12 Fla. L. Weekly Supp. 936a
Insurance — Personal injury protection — Failure to pay benefits — Error to grant insured’s motion for summary judgment where twelve affirmative defenses, all replete with numerous issues of fact, remained pending and where opposing party had not yet completed discovery — Reduced payments made by an insurer in accordance with a preferred provider agreement do not violate section 627.736(10)
PROGRESSIVE EXPRESS INSURANCE COMPANY, Appellant, v. LORNA JAGGON, Appellee. Circuit Court, 17th Judicial Circuit (Appellate) in and for Broward County. Case No. 02-23978 CACE (13). June 10, 2005. Appeal from the County Court in and for Broward County, Zebedee Wright, County Court Judge. Counsel: Douglas H. Stein, Anania, Bandklayder, Blackwell, Baumgarten, Torricella & Stein, Miami, for Appellant. Kate G. Burnett, Kate G. Burnett, P.A., and Jeffrey A. Nussbaum, Fort Lauderdale, for Appellee.
(LEROY H. MOE, J.) This is an appeal from the trial court’s Order, dated December 11, 2002, entering Final Summary Judgment for appellee. Appellee filed her Second Amended Complaint alleging to be insured under a policy of insurance issued by appellant affording Personal Injury Protection (“PIP”) coverage. Appellee further alleged that she sustained injuries in an automobile accident, and that appellant failed to pay PIP benefits as required by the insurance policy and Florida Statutes §627.736.
Appellant filed its Answer to the Second Amended Complaint, denying that it wrongfully failed to pay PIP benefits, and raising twelve (12) affirmative defenses, including that the bills of appellee’s medical providers were: (1) fully satisfied; (2) not reasonable, necessary or related to injuries allegedly sustained in the accident; (3) not submitted on statutorily mandated forms; (4) subject to a deductible; and (5) subject to reduction as payments to a preferred provider.
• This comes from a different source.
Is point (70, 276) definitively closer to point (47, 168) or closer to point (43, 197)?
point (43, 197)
Appellee filed a Motion for Partial Summary Judgment seeking a determination that, appellant’s payment of reduced benefits to appellee’s medical providers as preferred providers, violated Florida Statutes §627.736(10). The trial court granted appellee’s Motion and entered Partial Summary Judgment.
Subsequently, appellee filed a Motion for Final Summary Judgment. Appellant responded highlighting what it believed to be issues of fact regarding its numerous affirmative defenses, and arguing that summary judgment should not be entered because it had yet to complete discovery, including eight (8) depositions of appellee’s medical providers.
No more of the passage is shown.